Citation de Partemps


« L’amitié, ce rapport sans dépendance, sans épisode et où entre cependant toute la simplicité de la vie, passe par la reconnaissance de l’étrangeté commune qui ne nous permet pas de parler de nos amis, mais seulement de leur parler, non d’en faire un thème de conversations (ou d’articles), mais le mouvement de l’entente où, nous parlant, ils réservent, même dans la plus grande familiarité, la distance infinie, cette séparation fondamentale à partir de laquelle ce qui sépare devient rapport. Ici, la discrétion n’est pas dans le simple refus de faire état de confidences (comme cela serait grossier, même d’y songer), mais elle est l’intervalle, le pur intervalle qui, de moi à cet autrui qu’est un ami, mesure tout ce qu’il y a entre nous, l’interruption d’être qui ne m’autorise jamais à disposer de lui, ni de mon savoir sur lui (fût-ce pour le louer) et qui, loin d’empêcher toute communication, nous rapporte l’un à l’autre dans la différence et parfois le silence de la parole.
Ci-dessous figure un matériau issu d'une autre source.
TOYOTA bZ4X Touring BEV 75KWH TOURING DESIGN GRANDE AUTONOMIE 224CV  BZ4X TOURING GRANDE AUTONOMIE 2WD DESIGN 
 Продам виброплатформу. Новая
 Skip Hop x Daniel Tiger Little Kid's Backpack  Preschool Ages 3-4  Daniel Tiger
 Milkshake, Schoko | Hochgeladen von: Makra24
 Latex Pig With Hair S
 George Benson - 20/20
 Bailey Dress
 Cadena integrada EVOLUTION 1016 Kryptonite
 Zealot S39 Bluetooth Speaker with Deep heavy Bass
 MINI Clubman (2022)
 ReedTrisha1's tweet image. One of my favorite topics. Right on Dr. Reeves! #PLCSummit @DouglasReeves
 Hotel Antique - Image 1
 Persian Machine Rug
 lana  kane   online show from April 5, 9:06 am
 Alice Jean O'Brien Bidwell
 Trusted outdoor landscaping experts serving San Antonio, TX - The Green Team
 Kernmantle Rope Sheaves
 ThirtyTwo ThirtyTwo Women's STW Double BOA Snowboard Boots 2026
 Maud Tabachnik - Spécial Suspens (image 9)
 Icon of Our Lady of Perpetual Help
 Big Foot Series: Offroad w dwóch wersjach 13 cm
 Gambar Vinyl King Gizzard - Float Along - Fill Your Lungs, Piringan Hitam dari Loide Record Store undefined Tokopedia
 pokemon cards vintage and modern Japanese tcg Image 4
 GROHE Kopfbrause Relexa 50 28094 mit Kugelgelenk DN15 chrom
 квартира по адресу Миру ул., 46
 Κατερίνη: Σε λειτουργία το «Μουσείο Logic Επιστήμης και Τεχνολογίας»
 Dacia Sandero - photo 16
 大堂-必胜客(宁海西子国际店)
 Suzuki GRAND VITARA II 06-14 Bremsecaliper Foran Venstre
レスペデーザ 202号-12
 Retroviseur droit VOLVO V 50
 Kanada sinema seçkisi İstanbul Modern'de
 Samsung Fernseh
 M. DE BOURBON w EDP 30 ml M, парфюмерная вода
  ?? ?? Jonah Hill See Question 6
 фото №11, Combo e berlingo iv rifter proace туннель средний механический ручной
Il est vrai que cette discrétion devient, à un certain moment, la fissure de la mort. Je pourrais m’imaginer qu’en un sens, rien n’est changé: dans ce « secret » entre nous capable de prendre place, sans l’interrompre, dans la continuité du discours, il y avait déjà, du temps où nous étions en présence l’un de l’autre, cette présence imminente, quoique tacite, de la discrétion finale, et c’est à partir d’elle que s’affirmait calmement la précaution des paroles amicales. Paroles d’une rive à l’autre, parole répondant à quelqu’un qui parle de l’autre bord et où voudrait s’accomplir, dès notre vie, la démesure du mouvement de mourir. »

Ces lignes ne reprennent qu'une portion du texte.